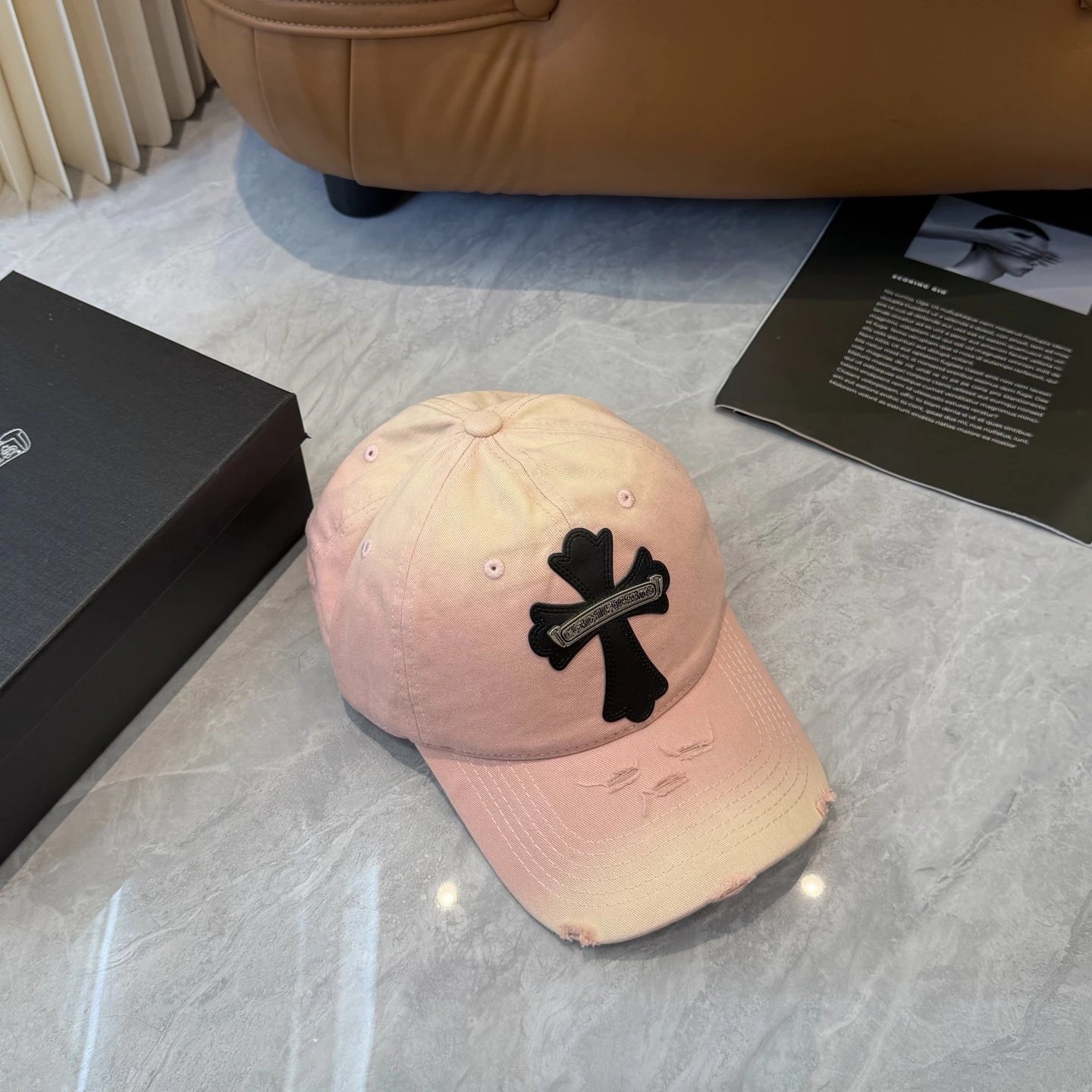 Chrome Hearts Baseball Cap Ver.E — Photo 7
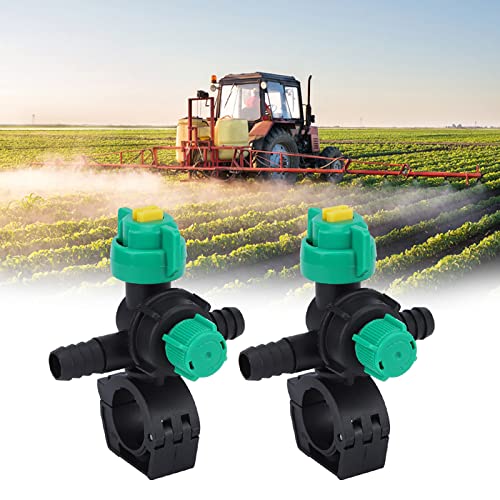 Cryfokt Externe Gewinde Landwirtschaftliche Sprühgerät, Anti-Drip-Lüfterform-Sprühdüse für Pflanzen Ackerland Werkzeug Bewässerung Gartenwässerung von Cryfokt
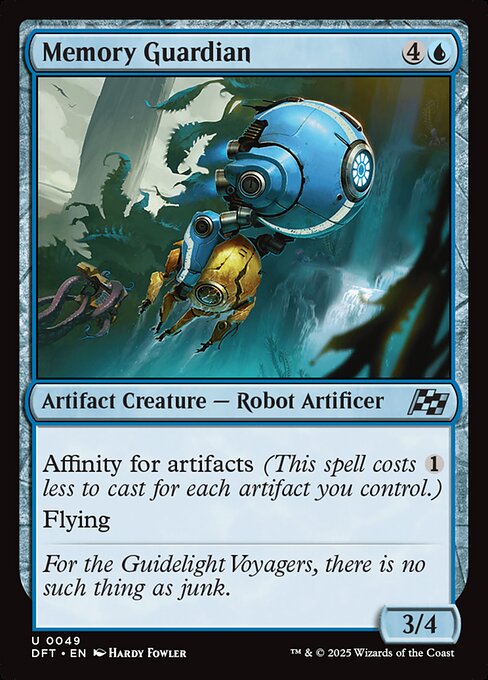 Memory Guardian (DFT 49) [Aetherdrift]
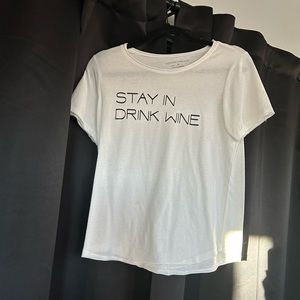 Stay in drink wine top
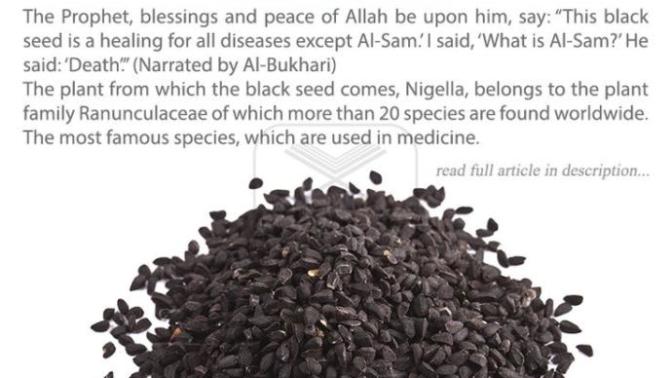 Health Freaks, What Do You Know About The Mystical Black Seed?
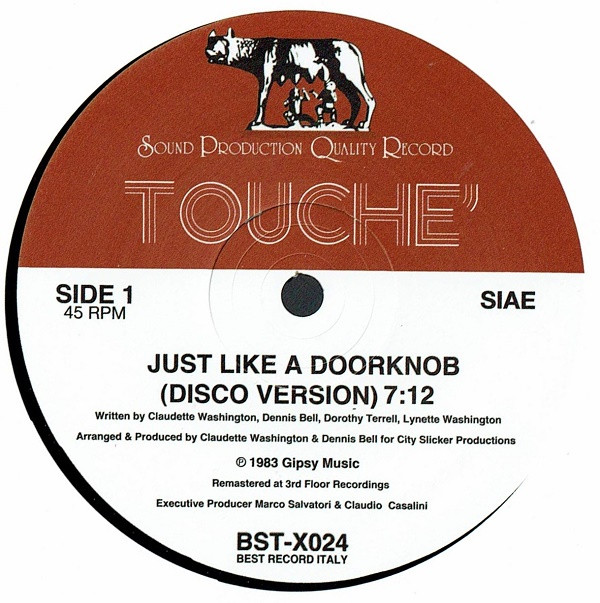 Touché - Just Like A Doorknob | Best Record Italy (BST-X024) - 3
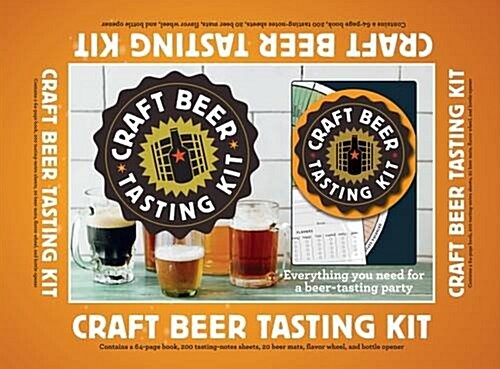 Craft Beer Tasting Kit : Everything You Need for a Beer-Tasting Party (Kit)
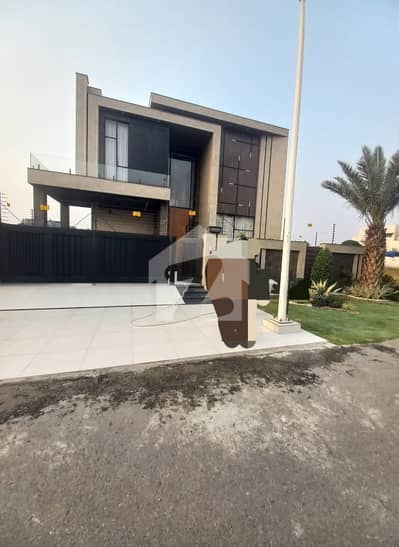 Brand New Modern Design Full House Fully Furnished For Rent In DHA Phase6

····················

**Task**
Exactly the lines from the one containing "Health Freaks, What" to the end of the records above, both end lines included, are to be printed, and no pictures with them.

**Result below**
 Health Freaks, What Do You Know About The Mystical Black Seed?
 Touché - Just Like A Doorknob | Best Record Italy (BST-X024) - 3
 Craft Beer Tasting Kit : Everything You Need for a Beer-Tasting Party (Kit)
 Brand New Modern Design Full House Fully Furnished For Rent In DHA Phase6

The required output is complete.